Ms Smith rules that she will permit extradition.
Mr McKinnon signs a confession which reflects his "culpability" to avoid extradition to the US and offers to face trial in the UK. The Crown Prosecution Service (CPS) says it is considering the offer. Soon afterwards the Asperger's Syndrome sufferer launches a judicial review on the basis that extradition would be "inappropriate" and would endanger his health.
The Crown Prosecution Service refuses to bring charges against Mr McKinnon in the UK. However the CPS says while it found enough evidence to bring charges against the hacker under the act for obtaining "unauthorised access with intent", the evidence it has "does not come near to reflecting the criminality that is alleged by the American authorities".
Mr McKinnon is refused permission to appeal to the UK Supreme Court against his extradition to the US. The High Court rules the case is not of sufficient "general public importance" to go to the UK's highest court. Human rights group Liberty condemns the decision, saying: "Never were justice and the law so out of sync as in the case of Britain's rotten extradition arrangements." Backbench MP David Davis says: "The reason this decision has been arrived at is because the British government created a set of laws and agreements which, masquerading as anti-terror laws, actually disadvantaged a whole range of British citizens." The Home Office puts Mr McKinnon's extradition on hold while it considers new psychiatric evidence.
Home Secretary Alan Johnson tells Mr McKinnon's family he cannot block the move on medical grounds. "Due to legitimate concerns over Mr McKinnon's health, we have sought and received assurances from the United States authorities that his needs will be met," he says.
Mr McKinnon mounts a fresh High Court challenge to stop his extradition. The latest legal submissions include an up-to-date medical report on his situation and two reports about the ability of the US prison service to deal with his circumstances.
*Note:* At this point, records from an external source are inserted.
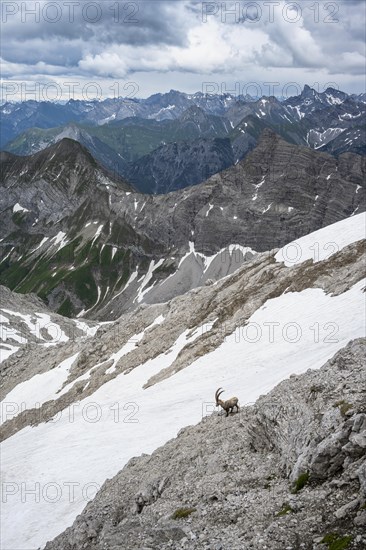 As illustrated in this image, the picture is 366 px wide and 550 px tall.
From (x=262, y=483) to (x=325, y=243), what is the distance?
42.4 metres

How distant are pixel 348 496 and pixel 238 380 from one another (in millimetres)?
21353

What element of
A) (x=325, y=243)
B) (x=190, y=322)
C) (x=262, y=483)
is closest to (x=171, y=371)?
(x=190, y=322)

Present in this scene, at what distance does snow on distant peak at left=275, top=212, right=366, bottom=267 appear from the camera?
170 feet

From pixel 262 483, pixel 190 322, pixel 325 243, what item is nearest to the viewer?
pixel 262 483

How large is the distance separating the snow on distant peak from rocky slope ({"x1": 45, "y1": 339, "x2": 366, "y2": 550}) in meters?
30.4

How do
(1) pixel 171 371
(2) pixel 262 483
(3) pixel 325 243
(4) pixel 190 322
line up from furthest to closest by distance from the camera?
1. (4) pixel 190 322
2. (3) pixel 325 243
3. (1) pixel 171 371
4. (2) pixel 262 483

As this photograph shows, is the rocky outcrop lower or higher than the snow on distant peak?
lower

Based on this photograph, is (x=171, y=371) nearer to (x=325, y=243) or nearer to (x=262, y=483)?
(x=325, y=243)

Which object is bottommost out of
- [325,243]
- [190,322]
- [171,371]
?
[171,371]

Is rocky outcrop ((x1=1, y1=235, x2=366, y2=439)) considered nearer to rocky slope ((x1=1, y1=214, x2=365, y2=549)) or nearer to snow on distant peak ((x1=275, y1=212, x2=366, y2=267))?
rocky slope ((x1=1, y1=214, x2=365, y2=549))

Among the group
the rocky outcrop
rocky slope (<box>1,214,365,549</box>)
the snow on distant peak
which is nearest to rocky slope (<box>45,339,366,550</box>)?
rocky slope (<box>1,214,365,549</box>)

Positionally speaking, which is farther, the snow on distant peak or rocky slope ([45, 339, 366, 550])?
the snow on distant peak

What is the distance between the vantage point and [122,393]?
152ft

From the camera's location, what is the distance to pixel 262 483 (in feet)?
53.9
The judicial review is granted. Liberal Democrat Leader Nick Clegg says decision is "heartening news". He adds: "Even now the prime minister and home secretary could step in to spare Gary McKinnon from this ordeal by ensuring that he is instead tried in a British court."
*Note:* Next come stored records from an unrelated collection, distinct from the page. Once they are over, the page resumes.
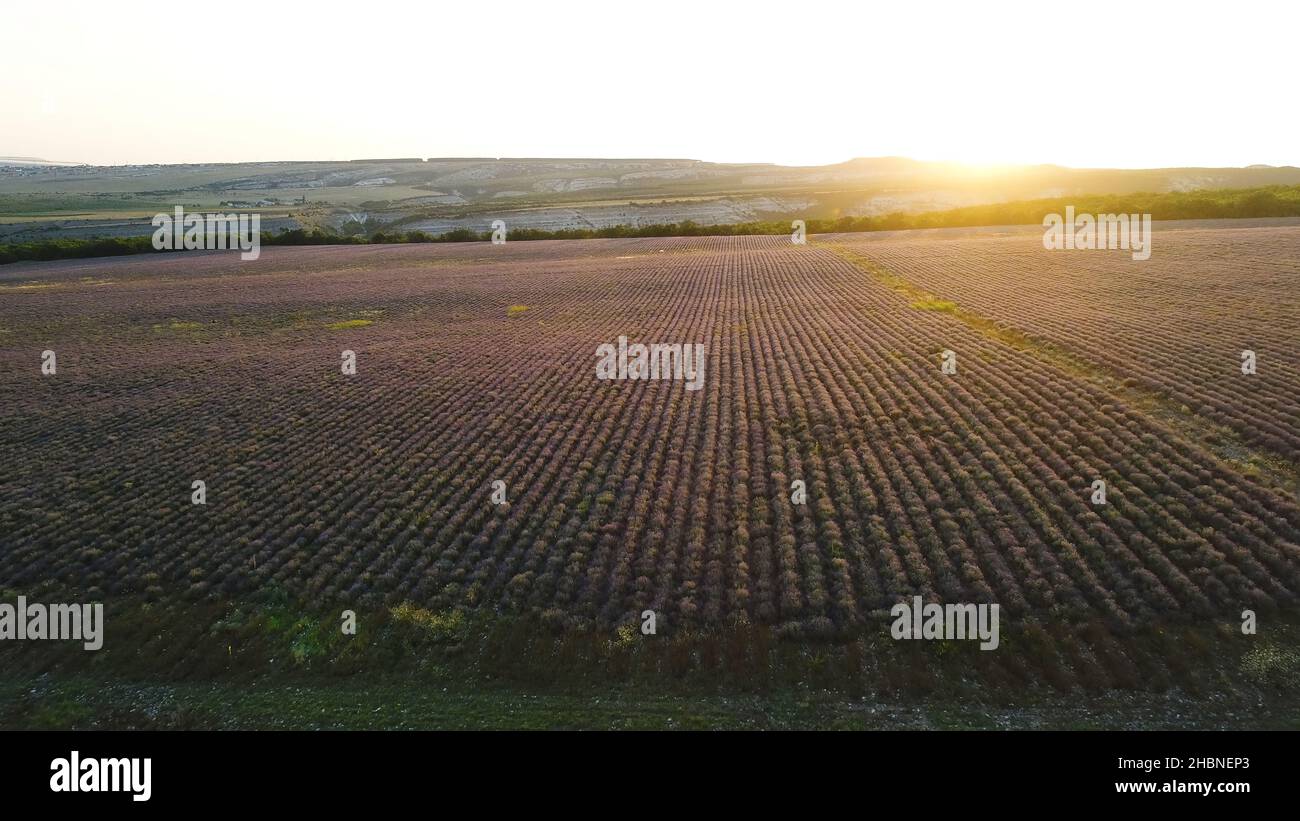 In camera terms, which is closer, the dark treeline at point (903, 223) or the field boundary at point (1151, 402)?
the field boundary at point (1151, 402)

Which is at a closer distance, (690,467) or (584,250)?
(690,467)

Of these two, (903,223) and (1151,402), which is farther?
(903,223)

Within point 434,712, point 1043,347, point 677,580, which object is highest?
point 1043,347

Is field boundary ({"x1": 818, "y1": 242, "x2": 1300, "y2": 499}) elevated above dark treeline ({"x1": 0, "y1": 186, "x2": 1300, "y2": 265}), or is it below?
below

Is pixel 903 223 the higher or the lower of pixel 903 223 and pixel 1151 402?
the higher

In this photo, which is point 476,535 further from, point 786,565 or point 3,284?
point 3,284

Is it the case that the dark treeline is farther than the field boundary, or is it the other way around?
the dark treeline

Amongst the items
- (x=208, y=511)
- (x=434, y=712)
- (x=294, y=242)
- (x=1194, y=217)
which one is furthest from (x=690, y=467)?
(x=294, y=242)

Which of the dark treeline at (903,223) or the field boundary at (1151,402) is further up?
the dark treeline at (903,223) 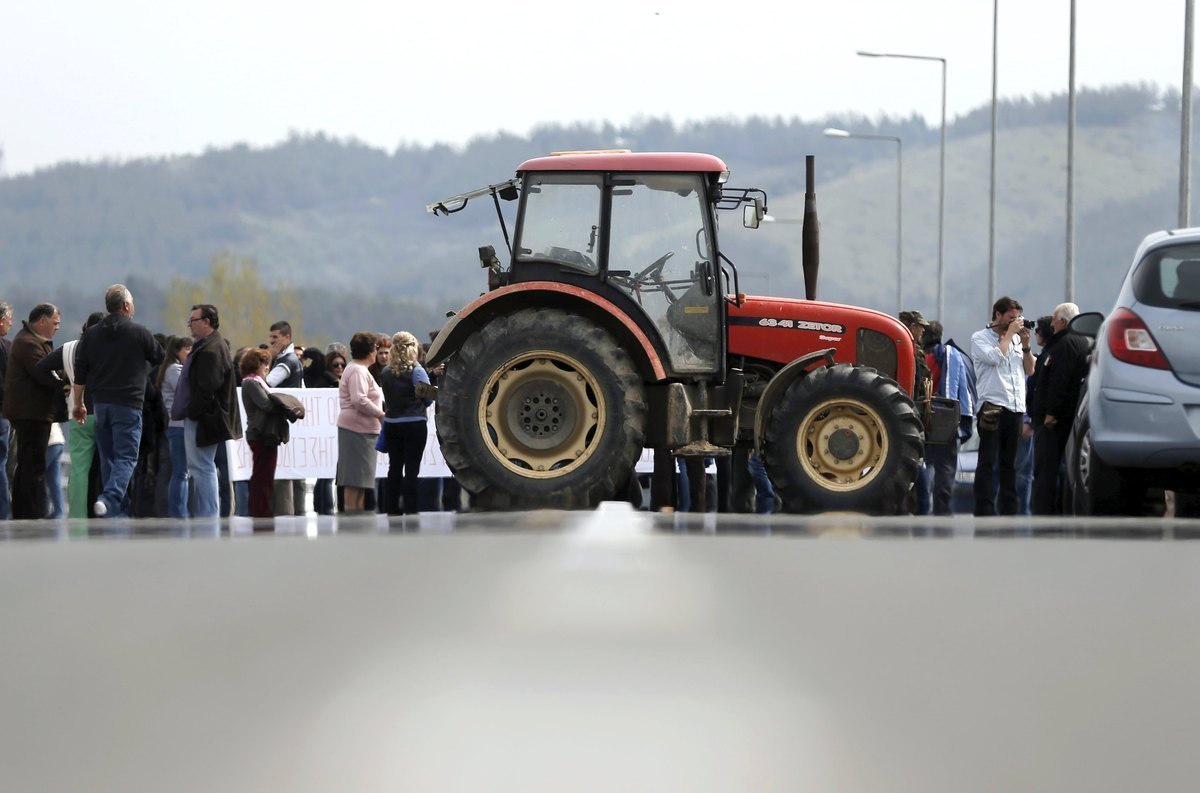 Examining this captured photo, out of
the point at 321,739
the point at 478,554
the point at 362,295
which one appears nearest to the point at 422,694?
the point at 321,739

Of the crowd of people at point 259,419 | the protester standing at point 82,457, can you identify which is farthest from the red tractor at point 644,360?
the protester standing at point 82,457

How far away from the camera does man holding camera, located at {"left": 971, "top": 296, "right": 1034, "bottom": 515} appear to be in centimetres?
1441

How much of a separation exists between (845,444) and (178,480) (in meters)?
5.60

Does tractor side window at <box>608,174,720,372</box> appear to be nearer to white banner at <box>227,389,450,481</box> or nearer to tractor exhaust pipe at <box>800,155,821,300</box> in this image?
tractor exhaust pipe at <box>800,155,821,300</box>

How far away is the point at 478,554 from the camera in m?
7.53

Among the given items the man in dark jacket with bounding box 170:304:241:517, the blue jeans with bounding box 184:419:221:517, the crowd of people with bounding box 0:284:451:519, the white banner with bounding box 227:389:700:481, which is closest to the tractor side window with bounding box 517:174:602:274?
the crowd of people with bounding box 0:284:451:519

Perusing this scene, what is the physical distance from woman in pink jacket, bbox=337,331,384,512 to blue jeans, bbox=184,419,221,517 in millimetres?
1628

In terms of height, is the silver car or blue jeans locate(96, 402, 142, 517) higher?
the silver car

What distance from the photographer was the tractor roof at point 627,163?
1232 centimetres

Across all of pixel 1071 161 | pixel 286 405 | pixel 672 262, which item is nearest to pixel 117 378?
pixel 286 405

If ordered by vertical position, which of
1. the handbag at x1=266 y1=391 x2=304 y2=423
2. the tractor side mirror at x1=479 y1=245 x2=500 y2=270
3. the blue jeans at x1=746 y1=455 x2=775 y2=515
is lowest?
the blue jeans at x1=746 y1=455 x2=775 y2=515

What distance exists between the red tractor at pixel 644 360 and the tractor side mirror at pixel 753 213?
2 cm

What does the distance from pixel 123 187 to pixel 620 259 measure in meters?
A: 156

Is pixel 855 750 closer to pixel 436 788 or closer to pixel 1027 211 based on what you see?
pixel 436 788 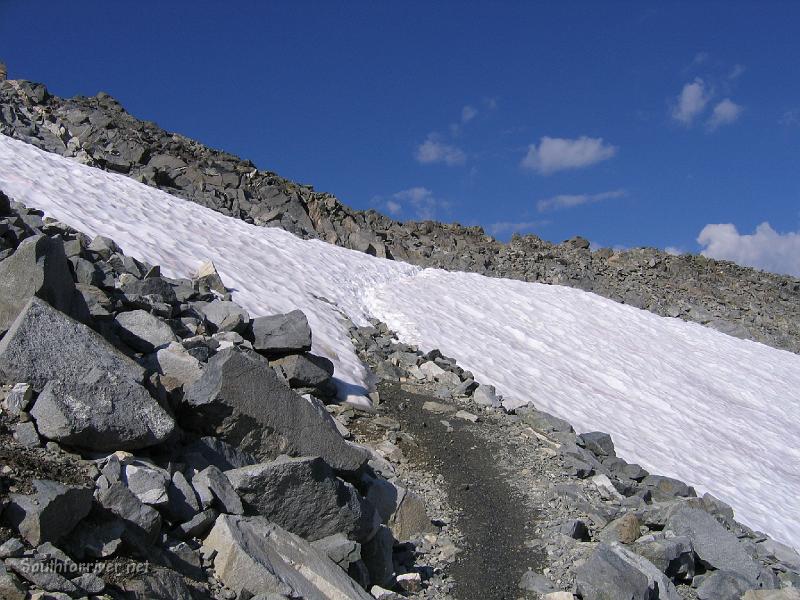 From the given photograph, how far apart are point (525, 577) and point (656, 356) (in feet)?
70.4

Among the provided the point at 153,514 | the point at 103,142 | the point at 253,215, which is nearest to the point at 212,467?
the point at 153,514

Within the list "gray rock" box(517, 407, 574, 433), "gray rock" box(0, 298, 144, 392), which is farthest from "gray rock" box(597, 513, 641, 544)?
"gray rock" box(0, 298, 144, 392)

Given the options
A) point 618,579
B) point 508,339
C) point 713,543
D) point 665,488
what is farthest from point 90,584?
point 508,339

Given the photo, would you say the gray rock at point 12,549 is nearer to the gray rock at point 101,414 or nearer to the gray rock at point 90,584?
the gray rock at point 90,584

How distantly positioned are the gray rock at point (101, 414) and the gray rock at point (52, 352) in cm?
12

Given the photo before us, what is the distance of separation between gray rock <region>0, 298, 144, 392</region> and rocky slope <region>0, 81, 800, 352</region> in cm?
2076

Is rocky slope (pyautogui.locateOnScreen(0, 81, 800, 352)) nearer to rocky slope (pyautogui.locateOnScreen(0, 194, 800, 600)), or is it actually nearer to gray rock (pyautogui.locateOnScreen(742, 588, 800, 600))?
rocky slope (pyautogui.locateOnScreen(0, 194, 800, 600))

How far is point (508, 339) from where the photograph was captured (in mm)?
22406

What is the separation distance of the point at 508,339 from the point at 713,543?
13.2 metres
Mr McKinnon's lawyers make "representations" to new Conservative Home Secretary Theresa May to stop the extradition process. She agrees to adjourn the case.
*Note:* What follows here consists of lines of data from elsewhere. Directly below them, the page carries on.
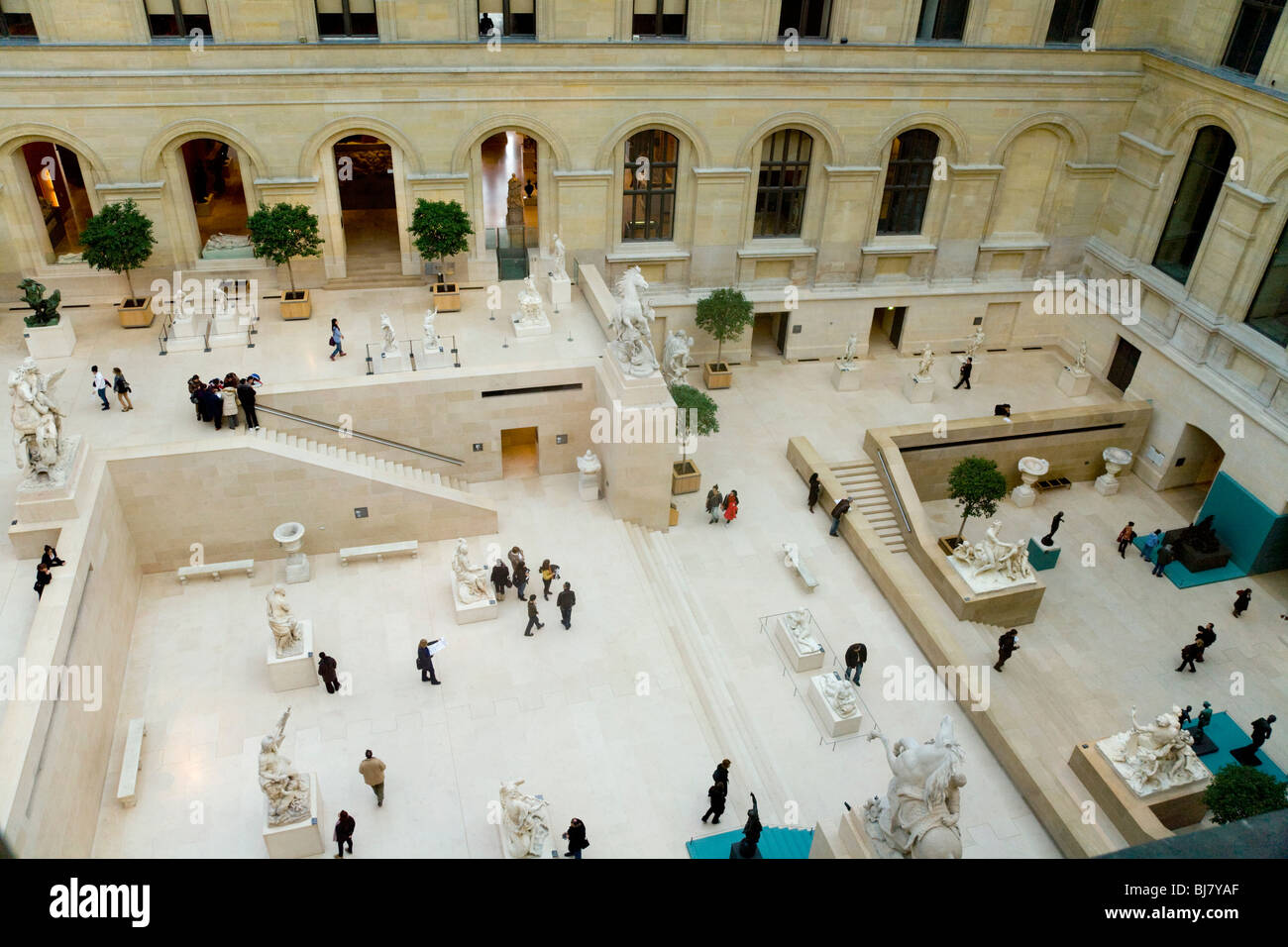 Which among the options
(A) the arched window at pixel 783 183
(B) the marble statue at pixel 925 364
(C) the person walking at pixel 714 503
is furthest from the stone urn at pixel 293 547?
(B) the marble statue at pixel 925 364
On his first visit to the US as prime minister, David Cameron discusses the McKinnon case with US president Barack Obama. "I trust that this will get resolved in a way that underscores the seriousness of the issue but also underscores the fact that we work together, we can find an appropriate solution," says Mr Obama.
The government launches a review of the UK's extradition laws to see if the current treaty with the US is "unbalanced". Former Home Secretary David Blunkett, who signed the treaty, has previously admitted he might have "given too much away" to the Americans.
Mr McKinnon's mother, Janis Sharp, welcomes comments made by President Barack Obama, on a state visit to the UK. President Obama said he would "respect" the British legal system.
MPs urge the government to reform the UK's extradition agreements to protect British citizens. Conservative MP Dominic Raab highlighted the case of alleged hacker Gary McKinnon and said he should not be treated like a "gangland mobster or al-Qaeda mastermind".
Mr McKinnon's mother says her son "had no choice" but to refuse fresh medical tests. Ms Sharp said the Home Office-appointed medical assessor had no experience with Asperger's. Home Secretary Theresa May said she was "personally concerned" he had not been examined to see whether there was a risk of suicide should he be extradited.
Mrs May announces that she has decided to block Mr McKinnon's extradition to the United States. She tells the House of Commons it is up to the Director of Public Prosecutions, Keir Starmer, to decide if Mr McKinnon should be prosecuted in the UK.
The Crown Prosecution Service says Mr McKinnon will not face charges in the UK. Director of Public Prosecutions Keir Starmer QC says the chances of a successful conviction are "not high".